Tuesday, February 24, 2009

boo-YA

thanks to the lovely Rahiel i got this pimpin marc by marc backpack for $25!!!!

can you believe it retails for $247.95 normally?!

Saturday, February 14, 2009

i haven't done this in forever....

that's what she said! OOOOOOOOOOOOO

no but seriously...i don't really like Valentine's Day...i mean i am not gonna say i hate it because that just makes me sound like an angry "alone" person but today has been A-OKAY

i woke up at about 4:30am, which is roughly the time one of my roommates went to bed for the night, and began my ascent into life--or work life--as it were.

everything at work was decked out for VDay with pink and red and white and hearts and love and blah blah blah and my INCREDIBLY homofagtastic manager/asshole extraordinaire was SUPER EXCITED for the day because he obviously is one of those people who takes being alone as martyr status and has decided to be SUPER HAPPY being alone on a day when you are supposed to um...NOT be alone...and other than his incredibly assholish behavior (which is nothing out of the ordinary) work was totally bearable and overall pleasant.

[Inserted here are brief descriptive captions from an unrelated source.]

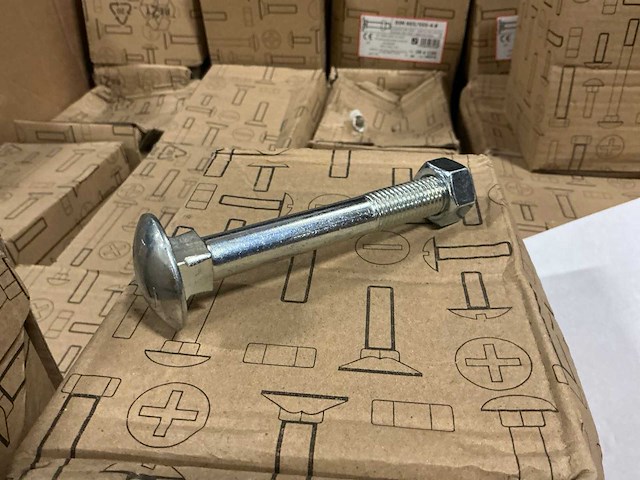 Slotbout m16x120 mm (500 stuks) - afbeelding 1 van  3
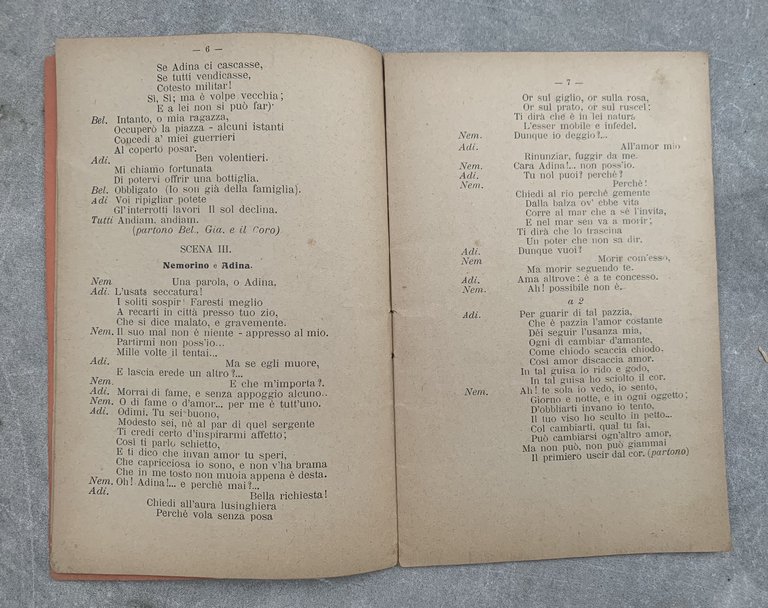 L'elisir d'amore. Melodramma in due atti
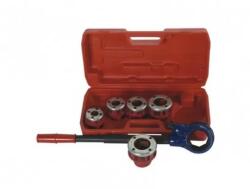  Set clupa manuala de filetat 3/8" 1/2" 3/4" 1" 1 1/4" Dedra DED-07A78 (DED-07A78) - agropro Filiera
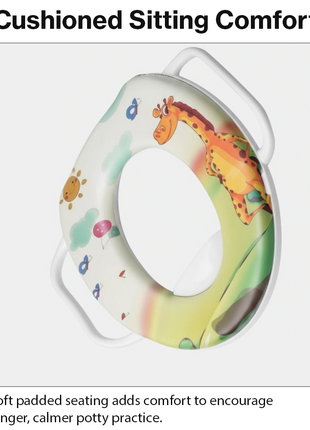 Toddler Potty Training Seat with Handles – Giraffe Design
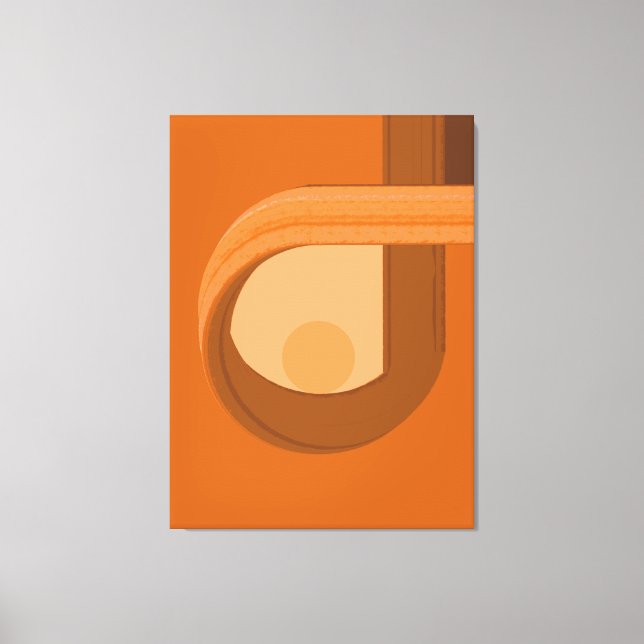 Modern Minimal Abstrakt Kontemplation Canvastryck (Framsida)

and then i came home and started drinking, because honestly i have to be back at work at 7am again, which means getting up at about 5am AGAIN tomorrow and so people...i am on a tight schedule of fuckedupEDNESS and i had about a quarter bottle of red wine (mixed with a rockstar zero sugar/zero calorie energy bev NATCH) and now i am pounding my 2nd (count 'em 1, 2!) bud light and i called my:

grandparents (much easier to talk to for long periods of time once a bit tipsy)
andrew (to speak about my upcoming trip to boston)
mother (usually tipsy when i speak to her, me being tipsy makes us EVEN)
tim (best friend, must call because...well...i DO love him)

i texted:

maritza (from work...LOVE HER!)
farah (NATCH)
andrew (texted and called....plus points?!)
sister (because...um hello?!)





but overall my day has been not too bad on a scale of one to BAD and i love most people even though i do not have a natural smile NOR would i be considered an "open" person who people feel comfortable talking to right off the bat, although i am an "open book" in the sense that i tell people things really quickly that are personal/embarassing/off-putting and i am quite accepting of most people, ALSO weird people like to talk to me on the street/subway/public places of any kind.

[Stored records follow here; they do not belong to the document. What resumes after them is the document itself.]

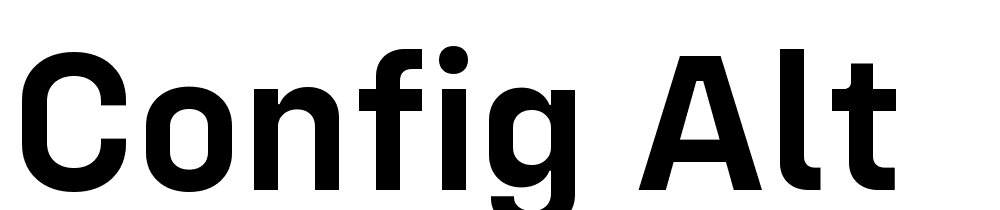 config-alt font family download free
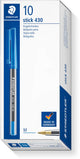 Staedtler balpen 430 medium blauw doos 10 stuks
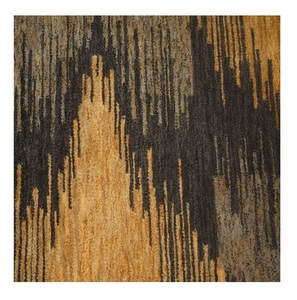 พรมปูพื้นขนแกะ Ikat ทอมือแบบทันสมัยทำเองได้หรูหรามีหลายสีตัดกองกันลื่น - Product Image 2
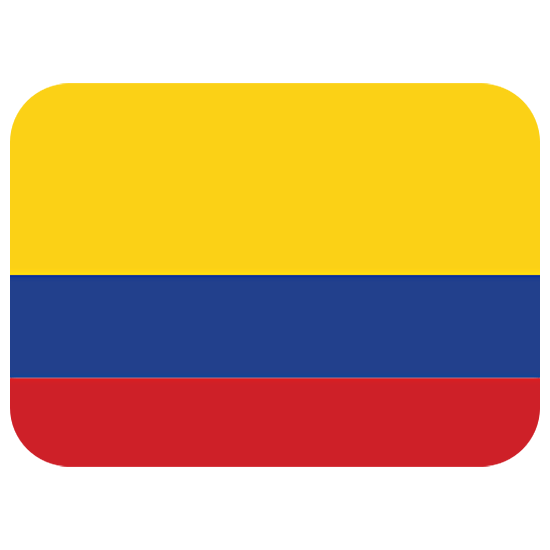 🇨🇴 Emoji Bandeira: Colômbia na Twitter Twemoji 15.0.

i am rambling. blame the wine/energy beverage/beers.

thxkbye

Tuesday, February 10, 2009

i emerged (somewhat) victorious!

well, after over 2 gallons of my chili was devoured (featuring over 10 lbs of meat!) i would like to let the internet know that i came kind of close to 3rd place in the audience favorite award.

i have it from a VERY RELIABLE source (aka the host/promoter of the chili takedown) that i had a solid showing for votes and was edged out of third just barely.

SO YAY! out of 30 competitors i would say being in the top 5 is just swell, especially since i have only made that chili recipe once before.

next up: BACON takedown. i am thinking bacon fudge.